Mar 4, 2022, 4:19:25 AM3/4/22

to wiredtiger-users

Hi everyone!

Recently, I tested WiredTiger in YCSB and found the scan performance is pretty good.

Since I didn't look at the specific code, I want to know whether the scan operation is optimized in WT.

Thanks.

alexande...@mongodb.com

unread,

Mar 6, 2022, 5:24:46 PM3/6/22

to wiredtiger-users

Hi,

Thanks for your interest in WiredTiger! Scan operations form a core part of WiredTiger, and we have worked hard to make them efficient. We have a number of optimizations in place, including lock-free reads which really are key to making scans efficient.

There might be more information in our documentation: http://source.wiredtiger.com/develop/overview.html

Let us know if you have more specific questions - we'll be happy to answer.

- Alex

胡皓胜

unread,

Mar 6, 2022, 8:45:56 PM3/6/22

to wiredtiger-users

Hi Alex,
Thanks for your answer.

Here is a specific question.

I used YCSB Workload E to test WiredTiger while limiting the size of cache.
I found that increasing the maximum query length of the range query does not degrade the performance of WT.
I really want to know why.

alexande...@mongodb.com

unread,

Mar 8, 2022, 11:07:41 PM3/8/22

to wiredtiger-users

Hi,

I am not familiar with your particular workload/setup, but my experience with YCSB is that conditions other than the WiredTiger query speed often outweigh the cost of the read operations. i.e: there is another bottleneck (maybe in the driver application, or maybe in the benchmark, or maybe somewhere else in WiredTiger) that is limiting throughput.

Keith Smith

unread,

Mar 9, 2022, 10:53:07 AM3/9/22

to wiredtig...@googlegroups.com

Hi there,

I thought I would add a few thoughts in addition to Alex.

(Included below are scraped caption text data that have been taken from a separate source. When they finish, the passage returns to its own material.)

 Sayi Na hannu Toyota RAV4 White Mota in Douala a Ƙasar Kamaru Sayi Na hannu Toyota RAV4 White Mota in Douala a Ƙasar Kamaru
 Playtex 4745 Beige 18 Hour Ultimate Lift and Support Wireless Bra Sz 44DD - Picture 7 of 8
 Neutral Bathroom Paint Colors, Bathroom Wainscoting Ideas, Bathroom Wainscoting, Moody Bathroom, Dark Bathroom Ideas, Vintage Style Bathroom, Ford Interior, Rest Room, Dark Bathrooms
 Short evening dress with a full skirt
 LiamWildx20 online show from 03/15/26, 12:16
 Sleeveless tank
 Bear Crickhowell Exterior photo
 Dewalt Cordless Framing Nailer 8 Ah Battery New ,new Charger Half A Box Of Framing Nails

The standard YCSB E workload is 5% insert operations and 95% range scans. Typically the range scans are for up to 100 records, but it sounds like you are experimenting with larger ranges. The record size is 1KB.

While it's great to hear that WiredTiger is showing good performance in your tests, it's possible that the performance you are seeing reflects other bottlenecks or optimizations in the system. Two items that come to mind are both cache related.

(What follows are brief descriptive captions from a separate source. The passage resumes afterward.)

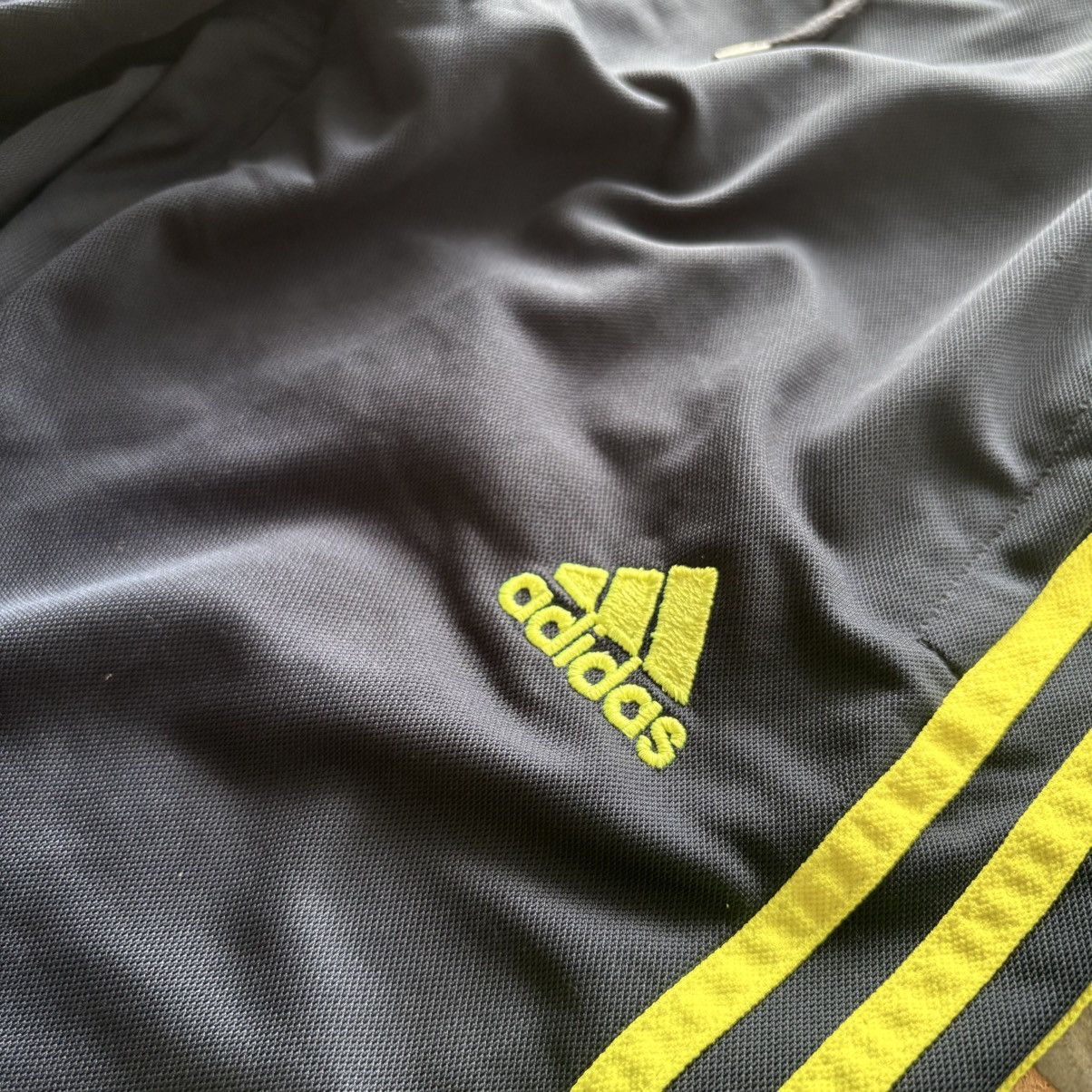 Adidas × Vintage Vintage real Madrid adidas tracksuit pants in blue and green Size US 30 / EU 46 - 4 Thumbnail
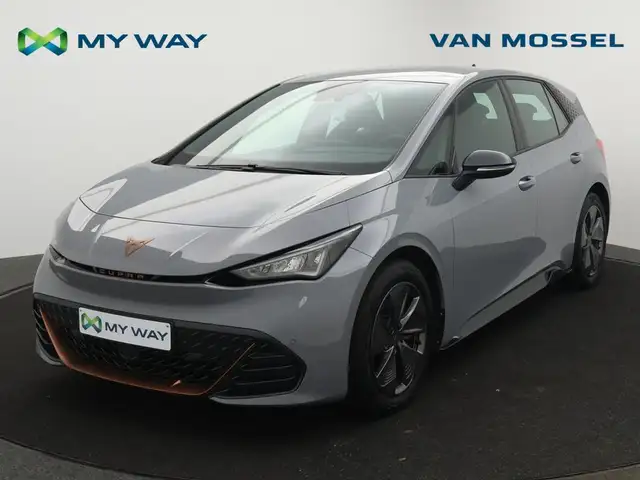 CUPRA Born Born Business Edition 204PK *AUTOMAAT*SPORTZETELS*CAMERA*PDC*ACC*NAVI*APP-CONNECT*...*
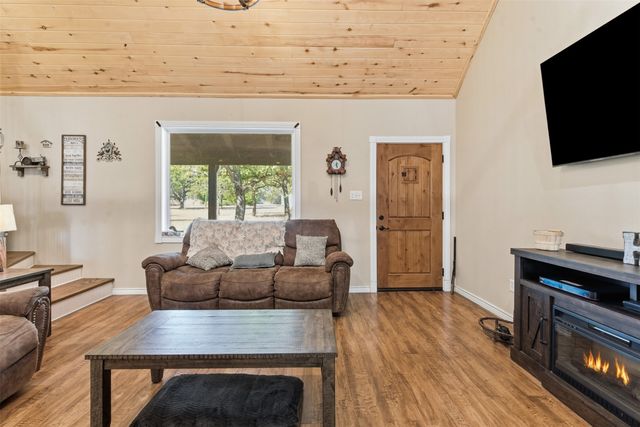 894 Hcr 1429, Covington, TX 76636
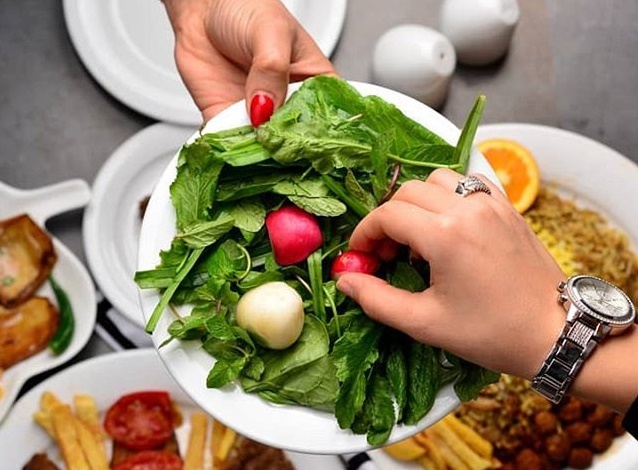 چرا هنگام غذا‌ بهتر است اول سبزیجاتمان را بخوریم؟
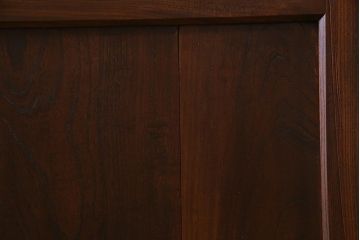 アンティーク建具　総ケヤキ材　亀甲金網　渋い和の空間づくりにおすすめな鉄格子付き蔵戸(引き戸、建具、玄関戸)(R-037995)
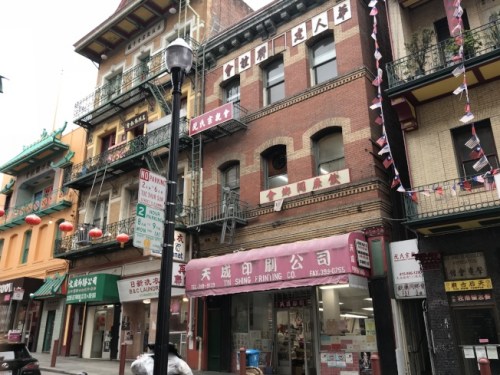 舊金山華埠一半的樓業(yè)是由公所僑團擁有，樓下商店租給商家。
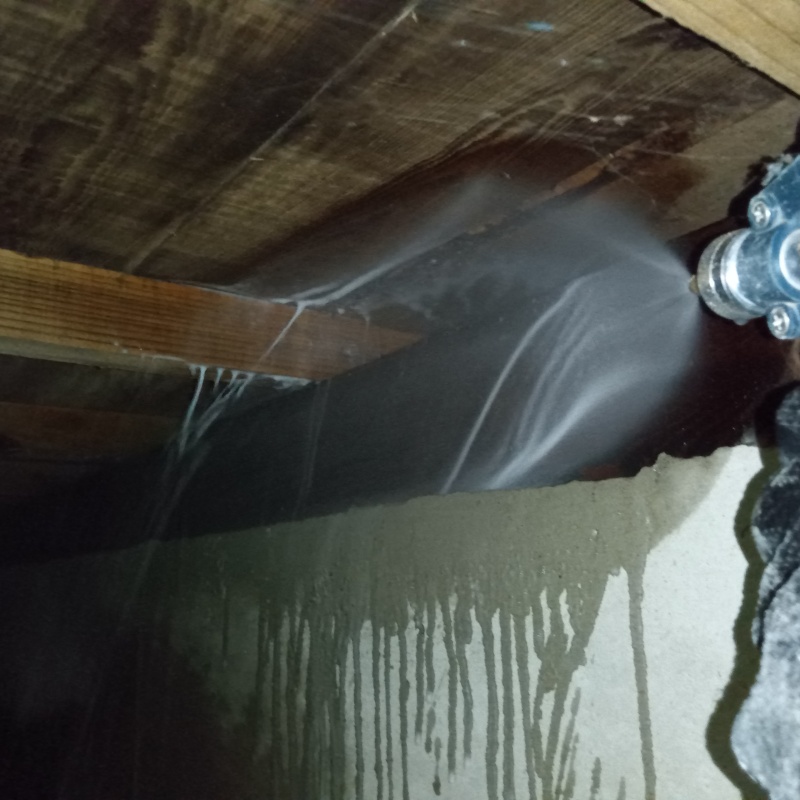 床下木材にシロアリ駆除剤を散布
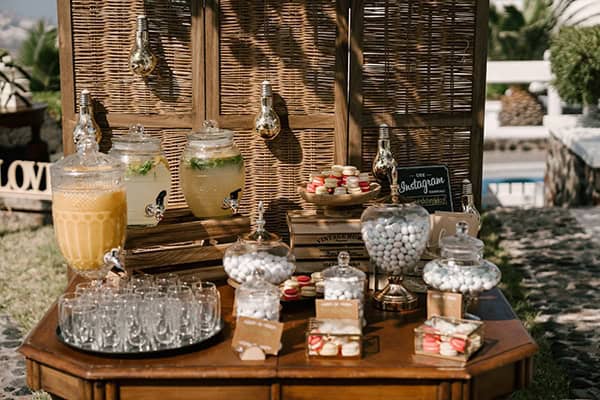 montern-elegant-wedding-santorini-inspiring-wedding-decoration-ideas_17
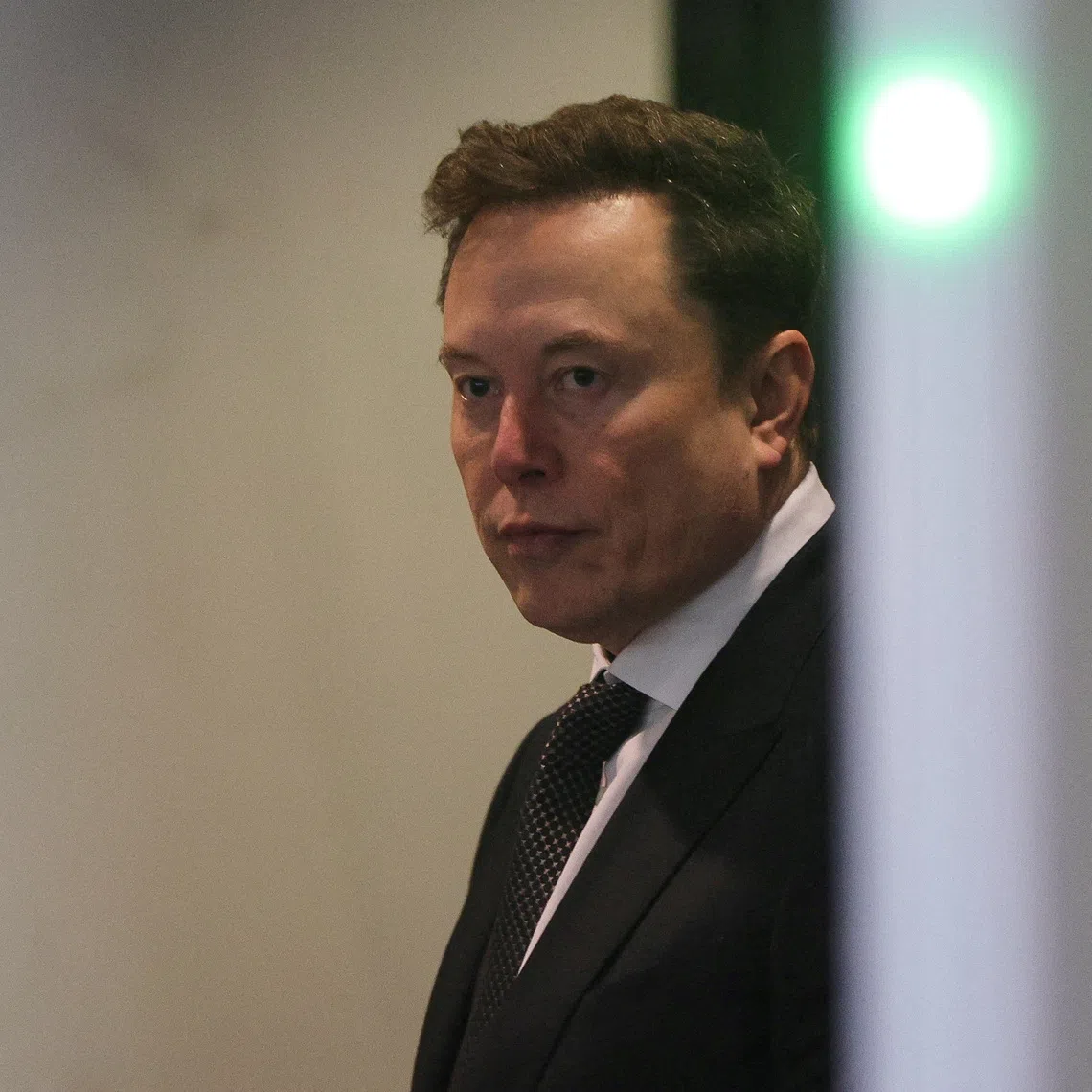 The documentary traces the career and life of Elon Musk from dot-com entrepreneur in the early 2000s to becoming the world’s first trillionaire.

First, YSCB uses a Zipfian request distribution. This means the requests are heavily skewed towards a small number of records. So even with a constrained cache, your workload may have a good cache hit rate.

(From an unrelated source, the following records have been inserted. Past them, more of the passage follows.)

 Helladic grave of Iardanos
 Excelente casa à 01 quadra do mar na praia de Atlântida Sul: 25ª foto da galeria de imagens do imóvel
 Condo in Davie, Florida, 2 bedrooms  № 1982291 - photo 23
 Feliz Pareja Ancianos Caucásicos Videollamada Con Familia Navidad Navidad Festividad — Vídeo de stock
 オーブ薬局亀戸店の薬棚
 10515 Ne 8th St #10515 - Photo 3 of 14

Second, even though you are constraining WiredTiger's cache, the test files probably fit in the operating system cache. So the performance penalty when you miss in the WiredTiger cache is will be small. In the extreme, if the WiredTiger cache is too small to help, you may essentially be measuring the performance of reading everything from the OS cache.

It's hard to provide a definitive answer to why a specific workload performs in a certain way because it depends on the workload, the system, configuration parameters etc.

Keith S

--
You received this message because you are subscribed to the Google Groups "wiredtiger-users" group.
To unsubscribe from this group and stop receiving emails from it, send an email to wiredtiger-use...@googlegroups.com.
To view this discussion on the web visit https://groups.google.com/d/msgid/wiredtiger-users/1cfdc923-f392-4e2e-8952-800008e8122an%40googlegroups.com.

胡皓胜

unread,

Mar 9, 2022, 9:45:34 PM3/9/22

to wiredtiger-users

Hi everyone,

Thank you for your answers.
I originally wanted to get a possible explanation from WiredTiger itself. For example, in my opinion, each leaf node of wiredtiger has a separate buffer (I call it), which is conducive to obtaining a wider range of key value pairs when accessing a leaf node.
But I know, this is really not only related to the system, but also related to many other factors.